Commissioner Fay Vincent said baseball will donate $1.4 million to the relief effort, including $100,000 from each Series team.

Rebuilding from such a quake also means tearing down. Crews were demolishing some of the ″red-tagged″ buildings - those determined unsafe - and demolition went on at a 1 1/4 -mile stretch of Interstate 880 in Oakland.

The crews also put up a chain-link fence around the collapsed structure to keep people out and with fewer police officers, said Highway Patrol Officer Ed Moriarty.

The quake closed the San Francisco-Oakland Bay Bridge and parts of several highways, including a collapsed section of I-880. While officials have reported record use of mass transit, commuter roads have been clogged daily.

In Sacramento, Gov. George Deukmejian’s office announced the appointment of George Housner to head the state’s investigation into the freeway collapse.

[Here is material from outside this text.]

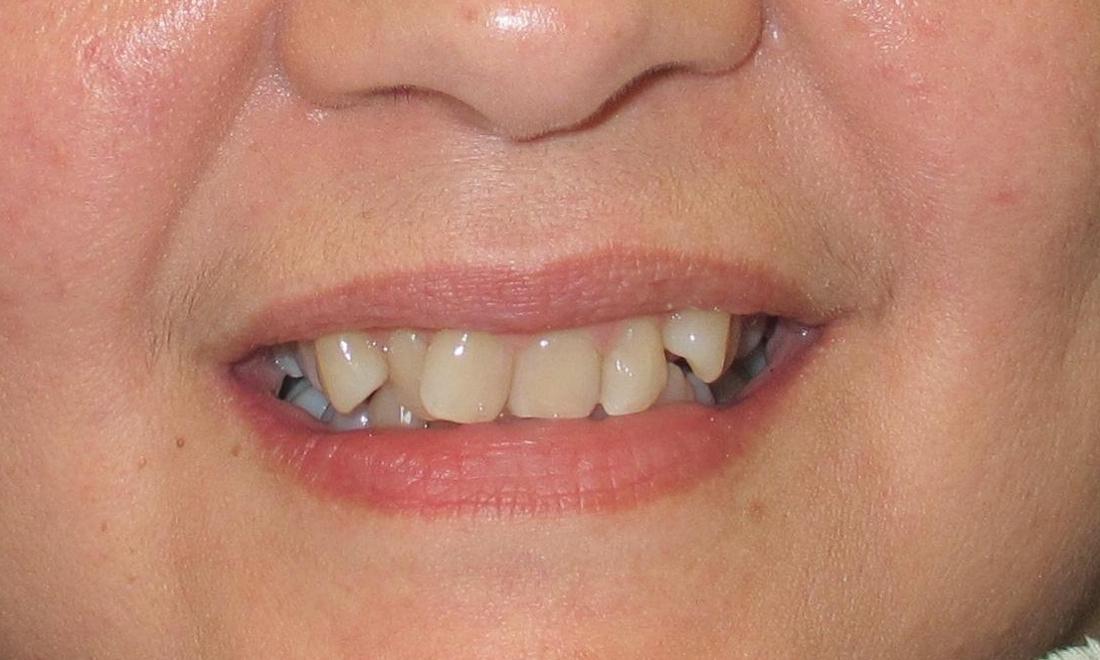 before image of crooked teeth before orthodontics | temple tx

Housner, engineering professor emeritus at the California Institute of Technology, ″is the elder statesman of earthquake engineering in this country,″ said Ian Buckle, who occupied Housner’s post until Monday when Deukmejian decided he had compromised his objectivity.

However slowly, the area is recovering, as are some of the victims.

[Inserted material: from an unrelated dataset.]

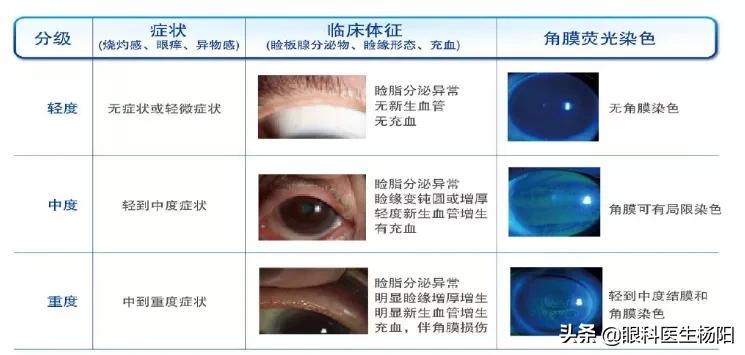 睑板腺一点都没有是什么病,眼睛睑板腺消失严重不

Dockworker Buck Helm, rescued after four days in the rubble of I-880, remained in serious condition in Oakland’s Highland General Hospital. But his kidney function has returned to normal, and he is conscious most of the time, said spokeswoman Pat Pino.

Six-year-old Julio Berumen and his sister Cathy, 8, were in good condition and improving, said Children’s Hospital spokewoman Diane Lazzari. They lost their mother in the freeway collapse. About $48,000 has been donated to a fund for them.

But police said six people remained unaccounted for, and the death toll rose Friday to 64, including an 88-year-old San Mateo woman who was pronounced dead of a heart attack shortly after the quake but who had not previously been listed among the dead. Thirty-nine of those killed werein the collapse of double-decked I-880. The search for more bodies was delayed because the road was too shaky. On Friday,

The Bay area’s trauma has touched hearts and opened pocketbooks the world over.

More than $8 million has been pledged from outside the country, $7 million from Japan. Costa Rican President Oscar Arias sent 2,500 pounds of coffee Thursday.